Overview

As mentioned in the Index of this documentation, ScaleHD is a bioinformatics pipeline for use in broad-scope automated genotyping of Huntington Disease (HD) data. The pipeline is made up of four main stages: Sequence Quality Control (SeqQC), Sequence Alignment (SeqALN) and Automated Genotyping (GType). Once a stage has completed, as per user instructions, required information is automatically passed to the next stage (..a pipeline..).

It is designed with UNIX systems in mind, so there is unfortunately no Windows support. Why would you do research on Windows, anyway? For more details about hardware requirements, please see Hardware requirements/recommendations.

A broad overview of the pipeline stages can be viewed here:

_images/pipeline-workflow.png

ScaleHD-ALSPAC

There is a fork of ScaleHD, entitled ScaleHD-ALSPAC. The main functionality of this version is identical to “vanilla” ScaleHD, but differs in one key aspect. For the Avon Longitudinal Study of Parents and Children (http://www.bristol.ac.uk/alspac/), analysis of HTT data requires us to not know whether an individual has a CAG repeat size of over 31. As a genotyping platform, ScaleHD will expose this information multiple times throughout processing. Thus, this branch of ScaleHD will mask allele sizes from the end user, throughout intermediate files and processing stages, and the end genotype results.

If you don’t have a need for this functionality, don’t use this version of the application.

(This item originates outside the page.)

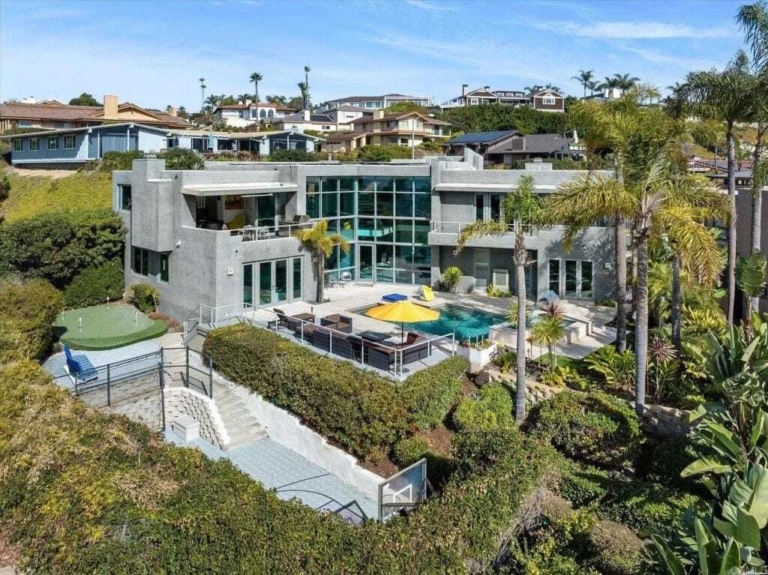 Breathtaking Ocean Views Meet Contemporary Design in California’s Coastal Haven for $7.595 Million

Due to the requirements of masking alleles, certain third party software output has to be culled in order to maintain this behaviour:

Quality Control

In the SeqQC stage of ScaleHD-ALSPAC, we are unable to produce a copy of cutadapt trimming reports as output for each sample. We continue to check the output of cutadapt, for warnings or error messages that would need to be passed on to the end user. However, this is done entirely in-memory.

FastQC would also compromise allele masking, and there is no realistic way to alter the output of this software. So, byebye FastQC (utilisation culled).

Sequence Alignment

Sequence alignment files are not written to disk and kept within memory objects and/or temporary files so that the end user is unable to manually inspect alignment assemblies. Instead of producing the sequence alignment as output of this stage, instead the required information (i.e. read count distributions) are passed straight to the next stage.

Incase the end user unexpectedly quits the program during any given stage, a purging function is ran on the output folder in order to delete any compromising data before it can be viewed.

Genotyping & SNP Calling

Genotype results are masked, so as to not compromise integrity. The reference labels saved to output summary CSV are edited as “31+”, if applicable. For graphs rendered of read count distributions, any reads aligned to CAG31 or above are summed, and placed into CAG31. This obfuscates the true genotype of any disease-associated allele present.